What about unconscious bias? I have conscious bias. I like some people and dislike others. Quite normal. I was introduced to a Muslim married couple while walking along the Thames towpath. I shook his hand, I think he was a doctor, and reached out to shake the wife’s hand.

She left my hand hanging in her mid-air. She literally refused to engage. I don’t know anything about Islam, so had no idea that a woman is not supposed to be touched by another man, even if it’s a handshake. I thought her reaction medieval and since then have had a conscious bias against Islam. I could argue that Muslims should have lessons in common courtesy.

However, if I explained my thought process to my employer instead of being supported, I suspect I would receive a visit from some HR halfwit and invited to take a one-way trip down the company escalator.

The other word that received prominence in the diversity training of Hampshire officers was ‘’ally’’. Its meaning has been hijacked by minorities. The various gay communities are big on us being ‘’allies’’. We don’t need to be an ‘’ally’’ as all our families have LBGTQ+ relatives and we love them for who they are. I don’t need a pink cowboy hat and a whistle to stand up for members of my wider gay family.

If you go on Google, you will now see ‘’ally’ as described as someone who ‘’actively supports and advocates for a marginalised and underrepresented group they don’t belong to.’’ If you want to speak for minorities, you surely don’t have to go into a room at work and be lectured. You can make that decision in your own time.
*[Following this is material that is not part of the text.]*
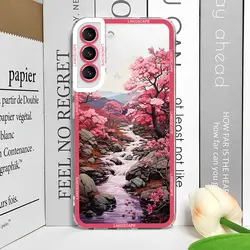 Retro Japanese Landscape Waves Aesthetic Phone Case - Soft Cover - SamsungS21 Ultra (S - H1189T1)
So you can see why police officers in Hampshire felt so ‘’controlled and pressured by those DEI training courses so loved by their police force headed by Chief Constable Alexis Boon.

In a staff survey of officers, 15 per cent had felt ‘’controlled’’ to adopt certain ideas in the sessions, the same number thought ‘’mistakes would be held against me’’ and 20 per cent feared ‘’being rejected for saying the wrong thing’’. So perhaps inevitably, an innocent white youth, who had never done anything wrong in his life, dies with handcuffs on because officers thought an Asian guy couldn’t be lying, but a white boy must be.

I would sack Mr Boon immediately for giving a press conference saying there was no two-tier policing in his area when it's clear to me from the survey results that there must have been. I believe his statements suggest he doesn’t know his officers and hasn’t been properly listening to their fears and worries.

Get out of Hampshire, Mr Boon, and get back to London where your force's diversity policies will be welcome to Mayor Khan.